Dublin Greek Film Festival

#Festival: Dublin Greek Film Festival returns October 19 to 22

The third Dublin Greek Film Festival takes place from Thursday 19 October to Sunday 22 October at Chester Beatty Library, Filmbase and The Sugar Club. The Festival will be presenting cinematic visions of Greece through features, documentaries and shorts along with few special events.

After a successful second edition the festival is back to bring some Greek culture to Ireland’s capital. We want to give people the opportunity to explore a different aspect of modern Greek culture and reality through various forms of art.
Kiki Konstantinidou, Co- Founder

Dublin Greek Film Festival will kick off with the screening of the movie Xamou, which will take the audience to the island of Crete, through its breath-taking cinematography and its original music at Chester Beatty Library on 19 October at 6pm. This sold out screening will be followed by a wine reception sponsored by Gaia Wines.
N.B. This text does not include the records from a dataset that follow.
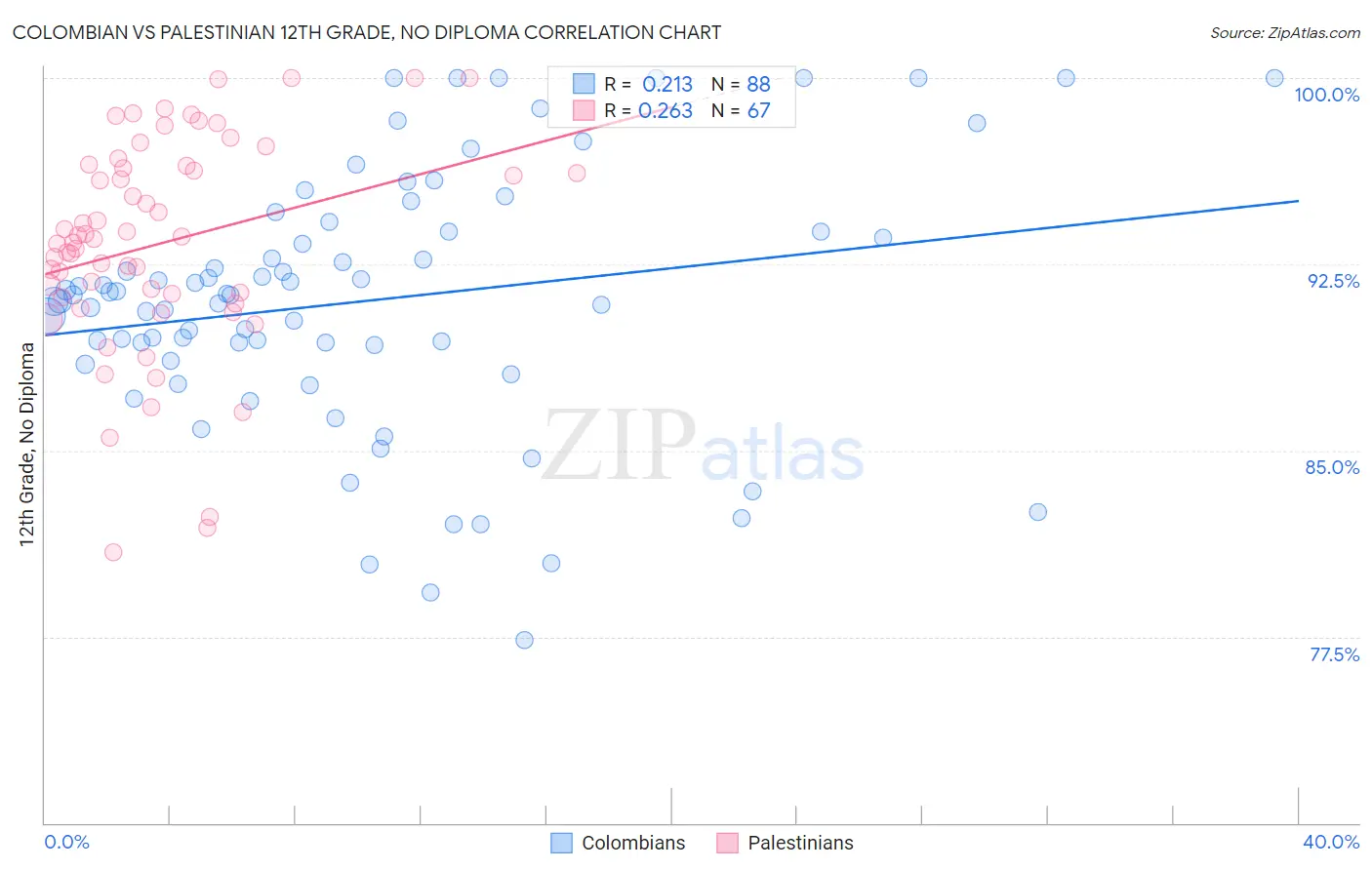 Colombian vs Palestinian 12th Grade, No Diploma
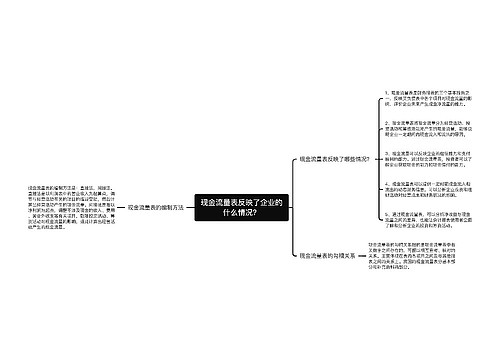 现金流量表反映了企业的什么情况？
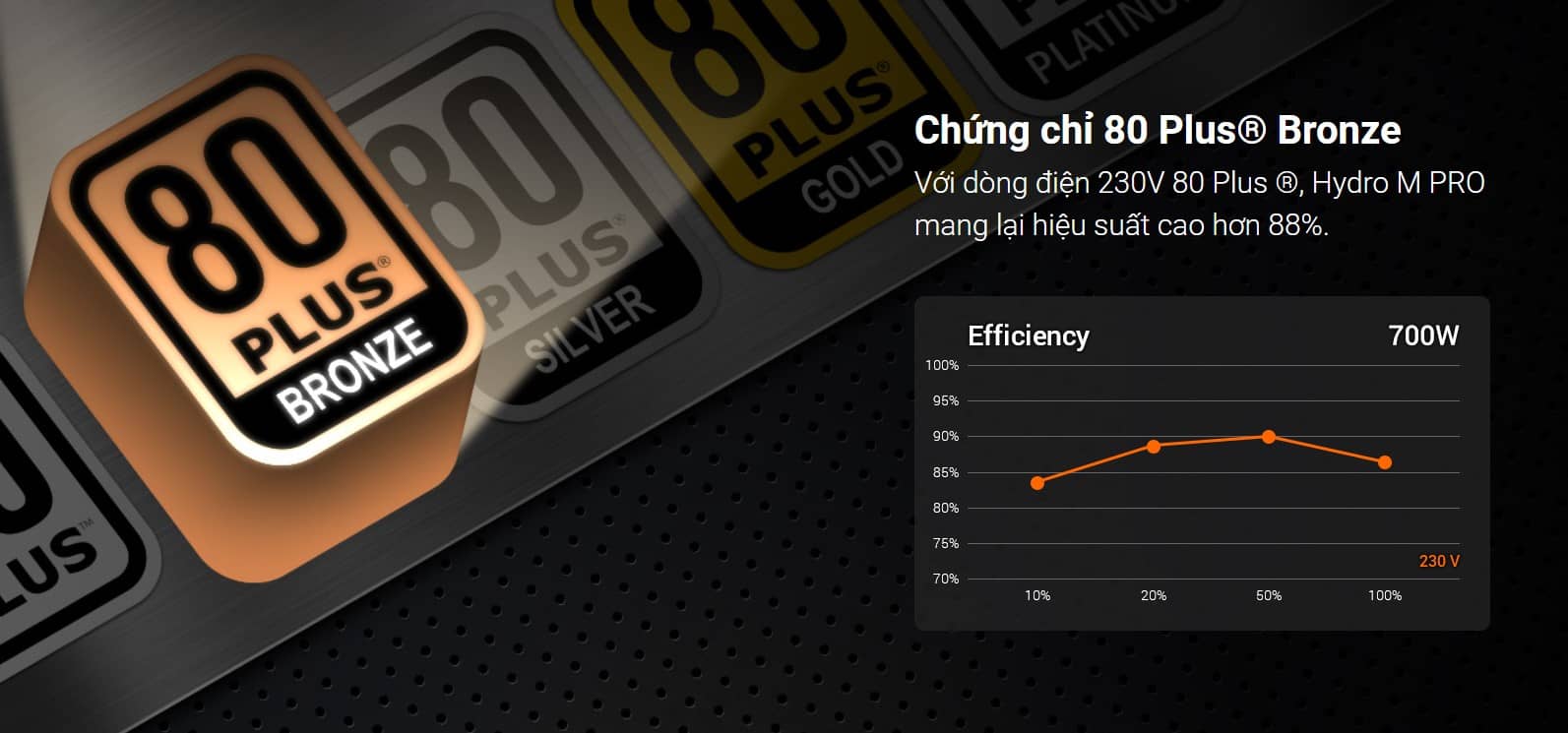 Nguồn FSP Power Supply HYDRO M PRO Seriers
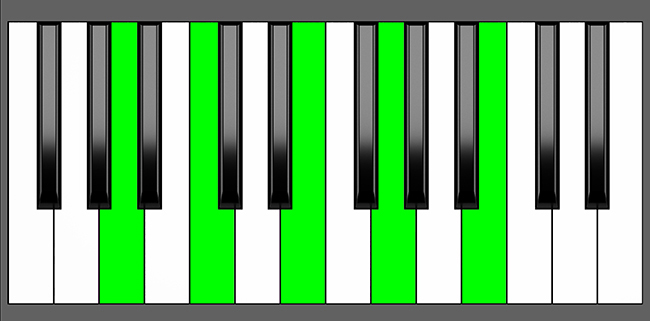 Am9 Chord - Root Position - Piano Diagram
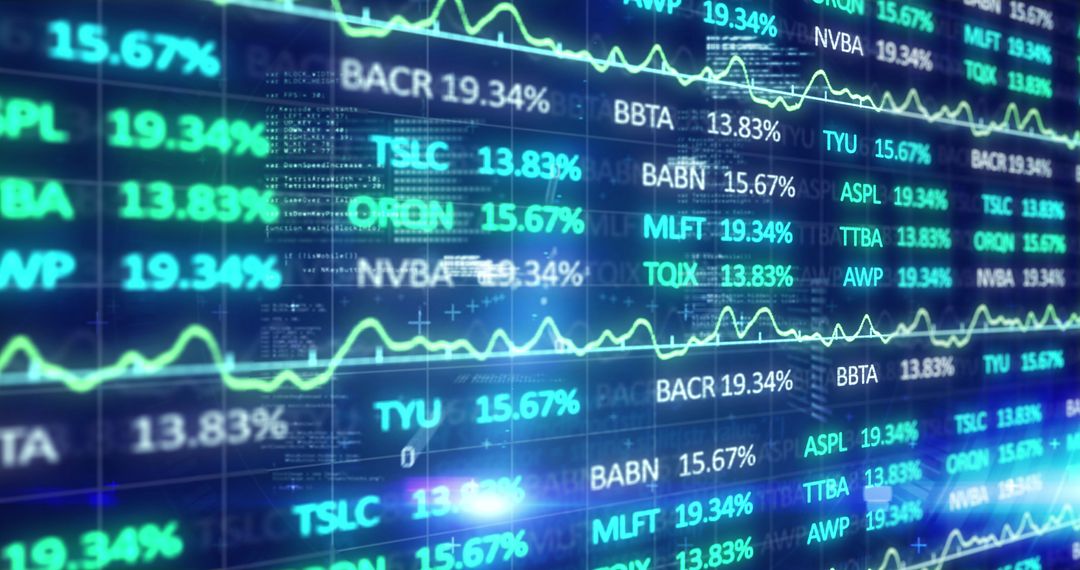 Stock Market Financial Data and Chart Analysis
The Longest Run (2015), an award-winning documentary by Marianna Economou (Prize of the Trade Union, Doc Leipzig) about two under age refugees in a Greek prison, will open the second day of the Festival on Friday October 21 at 6pm, Filmbase.

Also on Friday the cinema lovers will have the opportunity to see the new movie by the Greek-Cypriot Director Petros Charalambous, Boy on the Bridge’ (Best Film at 29th European Cinema Panorama 2016). Filmbase, 8pm.

On Saturday 22 October the Festival invites cinema goers to the free screening of the short documentary True Blue by Haris Raftogiannis, and to the award winning documentary Next Stop: Utopia (Silver medal at the 35th URTI International Grand Prix for Author’s Documentary) which talks about the closure of a Greek factory and the struggle of the Greek workers to self-manage it, Filmbase, 6 pm. Suntan (2016), the award winning movie by Argiris Papadimitropoulos (Best International Feature Film at Edinburg International Film Festival, 2016) will close the third day of the Festival , Filmbase, 8pm.

On Sunday the Festival will come to an end with the screening of Amerika Square (FIPRESCI Prize and Special Youth Jury Award at Thessaloniki Film Festival, Greece, 2016) by Yiannis Sakarisis. The movie talks about an unemployed, Greek nationalist in Athens that has his world turned upside-down when his apartment building and beloved city park becomes a home for migrants in transit across Europe.

A concert of Kristi Stasinopoulou will follow at 7.30, The Sugar Club. Kristi and her long-time collaborator Stathis Kalyviotis have performed in big festivals in the past, including the Montreal International Jazz Festival Canada, Barbican Launch London UK and Womex 2002 Essen Germany. Pioneers of reinvented folk, Kristi and Stathis remix traditional demotika songs to reflect their own experiences of urban life in Greece. A previous release by the acclaimed duo topped the World Music Chart for five months, and they are coming to Ireland for the first time to shake up the Dublin music scene.

In addition to screenings and the music event the Festival will host a photographic exhibition by a Dublin-based Greek photographer Kostantinos Epoimenidis (Wednesday 18 October-Saturday 21 October at Filmbase). ‘My intent, in this work, is to express the beauty, diversity and mystery of the land and sea of Greece, while creating contemplative and meditative open-ended images, that trigger our collective memory and ignite new perspectives on nature and ourselves beyond the known’ says Epoimenidis about the exhibition.